I am very grateful for the support network I have.  I almost titled this week either "Crash Course" or "Collision Course" as it felt as if all aspects of life were going wrong, physically collided, and all of the pieces hit me at once and almost knocked me down. This had been building for a few weeks, but I still did not really see it coming to this extent and got caught off guard.  The few that I will let know when things are not going well went above and beyond to let me know they are there for me and will support me no matter what happens. It was difficult to acknowledge I needed help and to let others know, but needed to happen.

I have no idea what the future holds from here on any front right now.  But, I know the Lord knows and He has me right where He wants me and when He is ready to move me elsewhere He will let me know.  I need to trust Him, trust those supporting and counseling me.  I need to be willing to let go of my original ideas if that is where He leads.

I am still my limit-pushing self and Friday evening when I did my usual stretches and noticed where range of motion was at, I became curious as to whether I could sit cross-legged again.  So, I tried and this is the result.  Not too bad!

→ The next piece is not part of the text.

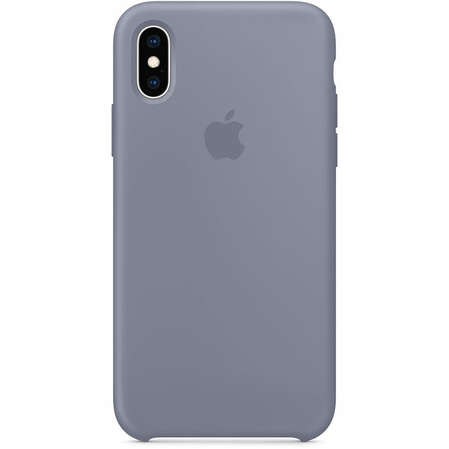 Чехол для Apple iPhone Xs Silicone Case Lavender Gray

I do not normally post links. However, I think what I read this morning fitting for the current circumstances.  I also think the video link a friend had posted is also fitting.  I am not reading anything into either of them, just aware of how appropriate they are.

https://thepianoguys.com/portfolio/okay/

This Is Exactly What You Need to Hear Today - OKAY - ThePianoGuys


http://www.crosswalk.com/devotionals/desert/streams-in-the-desert-september-24th.html

When the Spirit Shuts a Door - Streams in the Desert - September 24

After they were come to Mysia, they assayed to go into Bithyma: but the Spirit suffered them not (Acts 16:7).
What a strange prohibition! These men were going into Bithynia just to do Christ's work, and the door is shut against them by Christ's own Spirit.
I, too, have experienced this in certain moments. I have sometimes found myself interrupted in what seemed to me a career of usefulness. Opposition came and forced me to go back, or sickness came and compelled me to retire into a desert apart.
It was hard at such times to leave my work undone when I believed that work to be the service of the Spirit. But I came to remember that the Spirit has not only a service of work, but a service of waiting. I came to see that in the Kingdom of Christ there are not only times for action, but times in which to forbear acting. I came to learn that the desert place apart is often the most useful spot in the varied life of man--more rich in harvest than the seasons in which the corn and wine abounded. I have been taught to thank the blessed Spirit that many a darling Bithynia had to be left unvisited by me.
And so, Thou Divine Spirit, would I still be led by Thee. Still there come to me disappointed prospects of usefulness. Today the door seems to open into life and work for Thee; tomorrow it closes before me just as I am about to enter. Teach me to see another door in the very inaction of the hour. Help me to find in the very prohibition thus to serve Thee, a new opening into Thy service. Inspire me with the knowledge that a man may at times be called to do his duty by doing nothing, to work by keeping still, to serve by waiting. When I remember the power of the "still small voice," I shall not murmur that sometimes the Spirit suffers me not to go.
--George Matheson
"When I cannot understand my Father's leading,
And it seems to be but hard and cruel fate,
I Still I hear that gentle whisper ever
pleading,God is working, God is faithful, ONLY WAIT."